Man hätte massiv Personalaufwand gespart und die Kosten für so manche Strecke, die dann auch nach ihrer Reaktivierung ein echter Erfolg wurde, wären nie explodiert. Man hätte richtig viel zerstörte Eisenbahninfrastruktur bereits vor über sechzig Jahren dauerhaft zukunftsfest machen können. Das hat die Behördenbahn versäumt, aber die heute Verantwortlichen müssen sicherstellen, dass die Chancen der Digitalisierung auch genutzt werden. Wir haben heute bereits regelmäßig Streckensperrungen wegen nicht besetzter Stellwerke.
Meistens findet das im Moment nur nachts statt, sodass der Fahrgast es oft nicht merkt. Doch Vorsicht ist geboten: Denn gerade der Güterverkehr braucht das relativ kurze Zeitfenster zwischen Mitternacht und fünf oder sechs Uhr morgens, weil er dann weitgehend ungestört über das Netz fahren kann. Wir hatten aber auch schon kurzfristig unbesetzte Stellwerke an Wochentagen und genau dieses Problem wird sich weiter verschärfen. Die Verrentungswelle läuft und viele neu hinzugekommene Fahrdienstleiter verlassen das Unternehmen auch wieder.

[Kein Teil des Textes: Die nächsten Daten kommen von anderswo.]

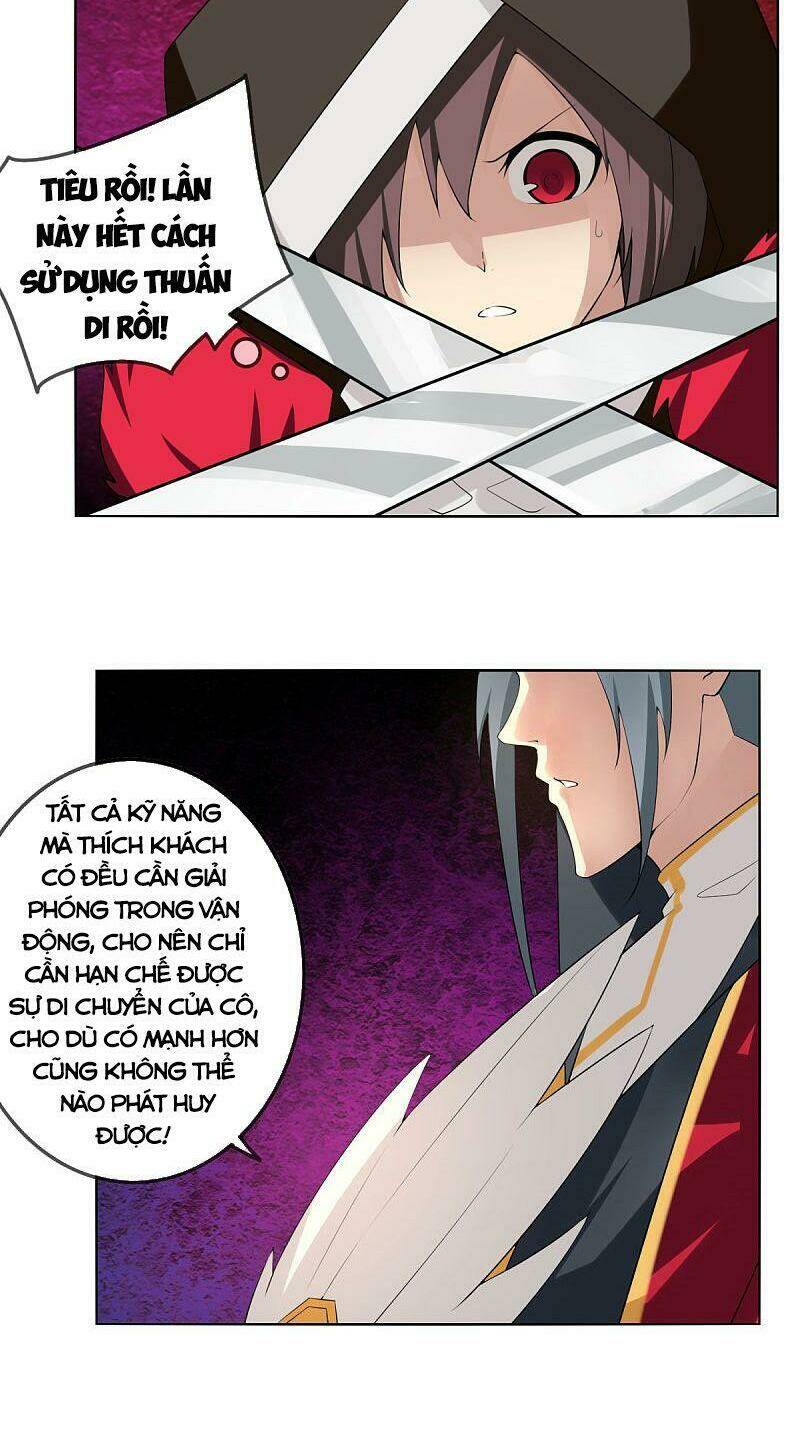 Chương 137 - Trang 20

Die Erkenntnis, dass die langfristige Bindung guter Mitarbeiter genauso wichtig ist wie die Neuakquise ist zwar grundsätzlich da, aber die Fluktuation ist nach wie vor ein Problem. Entsprechend muss man dafür sorgen, dass der Personalbedarf im Rahmen der Digitalisierung und Modernisierung sinkt. Auch hier ist Vorsicht geboten. Es gab Zeiten, da hat man ausgerechnet, dass zu einem Zeitpunkt X so und so viele neue ESTW am Netz sind, und mehrere hundert Fahrdienstleiter nicht mehr benötigt wurden. Als der Zeitpunkt X dann da war, waren die Fahrdienstleiter zwar weg, aber die ESTW noch längst nicht in Betrieb.
Auf keinen Fall darf man bei der Personalakquise das Engagement schleifen lassen, weil man ja glaubt, bald ohnehin weniger Mitarbeiter zu brauchen. Das muss weitergehen mit vollem Engagement. Man muss dafür sorgen, dass Leute langfristig im Betrieb bleiben. Hier stellt sich die Frage, ob die Personalakquise nicht in Zeiten, in denen man es als Arbeitgeber leichter gehabt hätte, vernachlässigt wurde. Hat man vor zwanzig Jahren genug ausgebildet, als die DB AG um jeden Preis börsenfähig werden wollte? Jetzt jedenfalls gilt es, Personal zu gewinnen und zu halten, auch wenn die Digitalisierung weiter vorangeht.